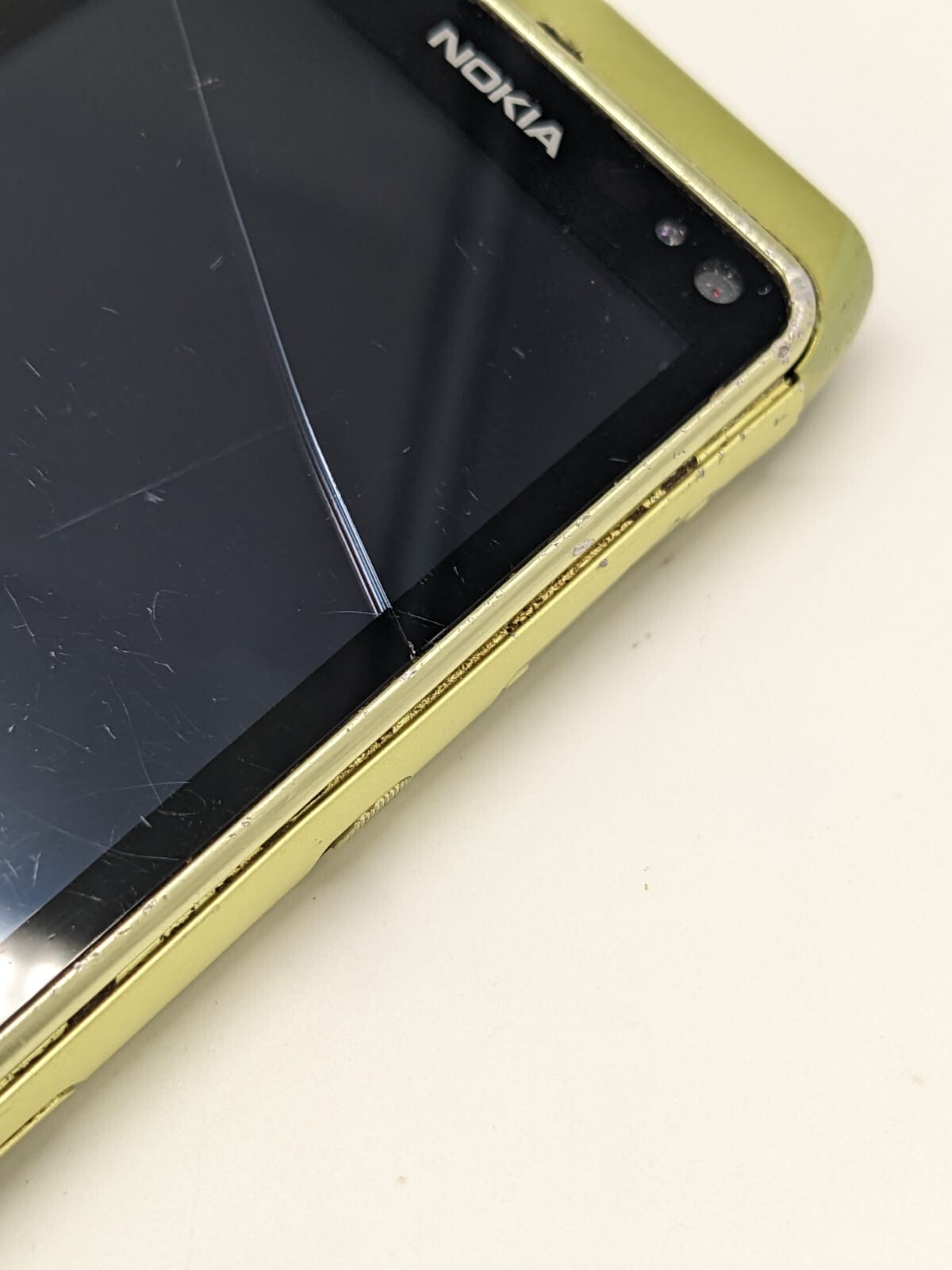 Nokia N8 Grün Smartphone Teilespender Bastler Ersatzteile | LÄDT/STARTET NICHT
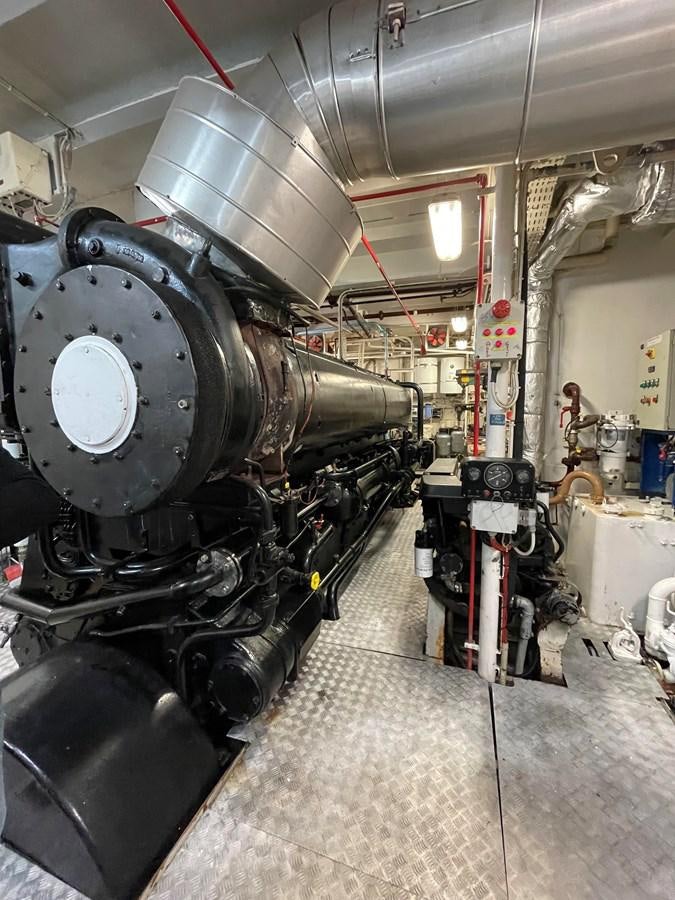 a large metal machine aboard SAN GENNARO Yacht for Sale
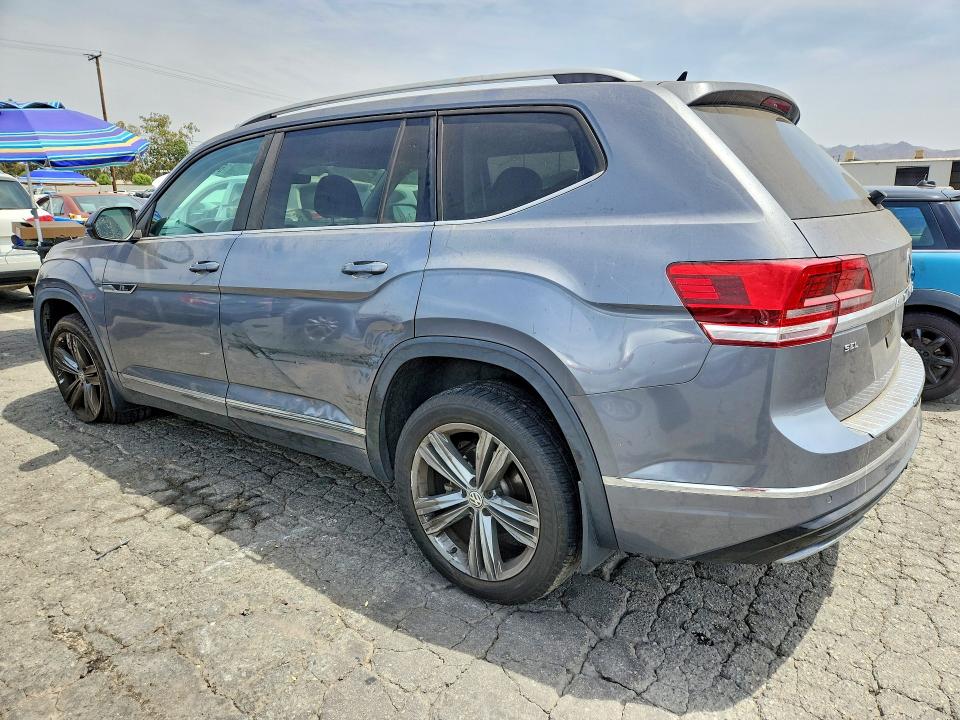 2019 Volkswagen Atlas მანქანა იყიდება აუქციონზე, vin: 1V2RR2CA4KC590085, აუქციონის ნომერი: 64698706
—————
= EXERCISE DESCRIPTION =
None of the pictures should appear, though every line of the data above must be reproduced exactly.

= RESPONSE AREA =
 Nokia N8 Grün Smartphone Teilespender Bastler Ersatzteile | LÄDT/STARTET NICHT
 a large metal machine aboard SAN GENNARO Yacht for Sale
 2019 Volkswagen Atlas მანქანა იყიდება აუქციონზე, vin: 1V2RR2CA4KC590085, აუქციონის ნომერი: 64698706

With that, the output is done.